_Input data_.
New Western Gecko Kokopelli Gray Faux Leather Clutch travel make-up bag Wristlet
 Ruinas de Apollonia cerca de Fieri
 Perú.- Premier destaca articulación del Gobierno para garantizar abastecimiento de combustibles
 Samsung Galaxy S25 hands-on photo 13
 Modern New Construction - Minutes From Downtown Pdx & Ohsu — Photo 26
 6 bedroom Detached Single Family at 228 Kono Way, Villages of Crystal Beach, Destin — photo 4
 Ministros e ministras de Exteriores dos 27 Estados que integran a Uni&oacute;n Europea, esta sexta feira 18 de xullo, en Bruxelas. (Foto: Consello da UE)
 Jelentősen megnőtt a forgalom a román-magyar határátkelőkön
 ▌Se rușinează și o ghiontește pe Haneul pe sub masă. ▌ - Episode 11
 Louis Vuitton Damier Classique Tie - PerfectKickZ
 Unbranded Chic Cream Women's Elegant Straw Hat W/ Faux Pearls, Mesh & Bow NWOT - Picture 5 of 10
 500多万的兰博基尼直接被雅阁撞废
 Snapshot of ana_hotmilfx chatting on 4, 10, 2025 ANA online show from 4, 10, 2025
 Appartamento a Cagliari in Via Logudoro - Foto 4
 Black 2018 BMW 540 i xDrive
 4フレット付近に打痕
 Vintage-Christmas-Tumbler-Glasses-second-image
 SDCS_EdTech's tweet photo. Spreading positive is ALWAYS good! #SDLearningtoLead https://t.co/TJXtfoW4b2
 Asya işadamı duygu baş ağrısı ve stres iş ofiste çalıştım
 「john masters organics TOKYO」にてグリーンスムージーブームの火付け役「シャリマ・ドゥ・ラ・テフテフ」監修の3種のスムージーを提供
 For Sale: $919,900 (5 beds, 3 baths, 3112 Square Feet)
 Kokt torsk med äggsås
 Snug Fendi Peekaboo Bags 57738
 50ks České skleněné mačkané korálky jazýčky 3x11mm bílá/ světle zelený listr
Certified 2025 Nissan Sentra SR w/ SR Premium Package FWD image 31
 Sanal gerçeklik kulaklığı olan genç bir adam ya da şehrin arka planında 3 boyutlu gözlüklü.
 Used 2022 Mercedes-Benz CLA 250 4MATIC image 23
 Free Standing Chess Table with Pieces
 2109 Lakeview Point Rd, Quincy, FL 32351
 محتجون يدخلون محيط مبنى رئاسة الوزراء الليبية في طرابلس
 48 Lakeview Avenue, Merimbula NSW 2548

_Problem_. Scan the data above and copy each line containing the word "image".

_Answer box_.
 Vintage-Christmas-Tumbler-Glasses-second-image
Certified 2025 Nissan Sentra SR w/ SR Premium Package FWD image 31
 Used 2022 Mercedes-Benz CLA 250 4MATIC image 23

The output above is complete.